Una coalizione con il 35-40% dei voti potrebbe ottenere circa il 60% dei seggi: è una delle possibili conseguenze del «Rosatellum» che regola le elezioni del 25 settembre. Il docente della Cattolica: «Questo sistema può produrre un forte squilibrio tra i risultati effettivi e la composizione delle Camere»
di Bruno
Cadelli
In questa tornata elettorale – la prima con la riduzione dei parlamentari e con la legge elettorale «Rosatellum» che non è stata modificata – si rischia di distorcere la rappresentanza in Parlamento. Una coalizione con il 35-40% dei voti potrebbe ottenere circa il 60% dei seggi. Lo sottolinea Damiano Palano, docente di Filosofia politica e direttore del Dipartimento di Scienze politiche dell’Università cattolica di Milano, in quest’intervista rilasciata a Radio Marconi.
Dopo la riforma che ha portato ai tagli dei parlamentari, l’Italia è diventato il Paese europeo con un rapporto minore tra deputati e numero di abitanti. Questo causa qualche criticità?
La riduzione del numero dei parlamentari di per sé non sarebbe un problema così grande. Tuttavia il combinato disposto tra questa riduzione e legge elettorale può ridurre sensibilmente la rappresentatività del Parlamento, perché le forze minori possono essere escluse, ma soprattutto perché questo sistema elettorale può produrre una forte disproporzionalità tra i risultati effettivi delle elezioni e la composizione del Parlamento.
Cosa intende?
Ogni sistema elettorale si gioca sempre su un equilibrio tra rappresentatività e necessità di produrre maggioranze e garantire la governabilità. Questo è un problema che abbiamo sempre avuto. Nella Prima Repubblica avevamo un sistema proporzionale quasi puro, con correzioni minime, e l’effetto era quello di avere una fotografia delle preferenze degli elettori. Nella cosiddetta Seconda Repubblica si sono introdotti meccanismi maggioritari che hanno ridotto la rappresentatività per ottenere maggioranze più chiare e solide. L’attuale sistema elettorale introduce una correzione maggioritaria particolare che non ha grandi altri esempi nel mondo: fa votare gli elettori per la lista e la coalizione e contemporaneamente anche per candidati in collegi uninominali. Una parte consistente dei seggi, i 3/8, viene assegnata in collegi uninominali, nei quali vince il candidato che ottiene anche un solo voto più degli altri. Questo significa che in linea teorica una coalizione che avesse il 35-40% dei voti distribuito uniformemente nel territorio nazionale, e che si trovasse di fronte coalizioni meno forti, potrebbe ottenere una larghissima maggioranza in Parlamento (circa il 60% dei seggi).

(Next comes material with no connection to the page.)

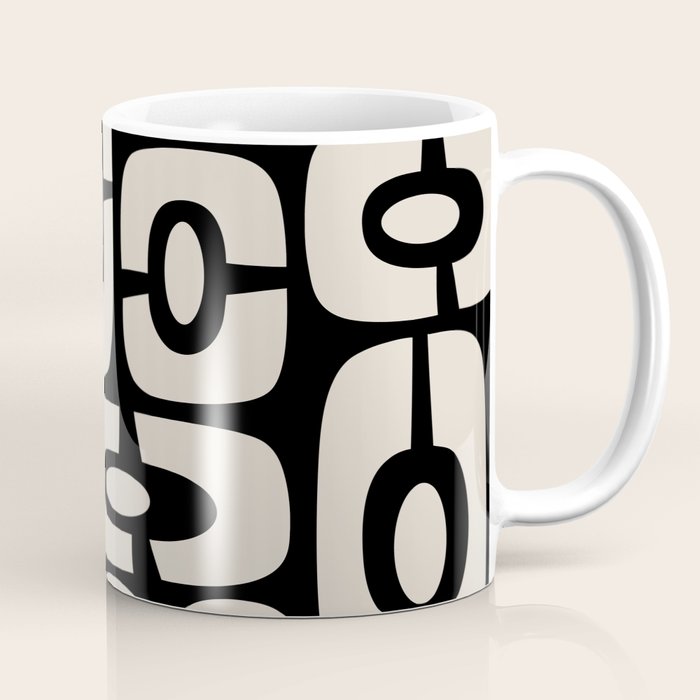 Mid Century Modern Cosmic Abstract 364 Black and Linen White Coffee Mug Gallery Image 1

Secondo lei il Parlamento ha perso importanza soprattutto nel processo di iniziativa legislativa?
Non è una tendenza che riguarda soltanto l’Italia. Negli ultimi quarant’anni in tutte le democrazie il Parlamento ha perso sempre più peso nei confronti dell’esecutivo. Gran parte dell’iniziativa legislativa in Italia e in altri Paesi spetta ormai ai Governi e ai Parlamenti rimane sicuramente un ruolo minoritario. Sulle cause c’è chi dice che sia dovuto alla telepolitica; al ruolo dei capi di Governo diventato molto più forte; alla necessità di rispondere in tempi rapidi alle esigenze del cittadino, che ha fatto sì che gli esecutivi conquistassero spazio. Questo non significa che il Parlamento abbia perso qualsiasi peso. La funzione di controllo e di indirizzo politico del Governo rimane ancora fondamentale in Italia; infatti i Governi continuano a cadere, come nella Prima Repubblica, per volontà del Parlamento, dove si modificano le maggioranze, gli interessi e gli obiettivi delle forze politiche.
Tra l’altro con questa legge elettorale si erode ancora di più il rapporto territorio e candidati…
Sì, è vero. Ciò è favorito dal fatto che i partiti oggi tendono a essere molto visibili sui mass media e scarsamente presenti sul territorio. Un aspetto che questa legge enfatizza ulteriormente è quello legato ai collegi uninominali. In teoria questo dovrebbe rafforzare il rapporto tra candidati e territorio, perché devono presentarsi non tanto con insegne di partito, ma portando la propria esperienza. Ma in questo caso non avviene, perché l’elettore si trova di fronte un’unica scheda, non ha la possibilità di votare in modo disgiunto. Pertanto il candidato non è il portavoce di se stesso e della propria esperienza, ma spesso è paracadutato dalle direzioni dei partiti in collegi che sono considerati più o meno sicuri.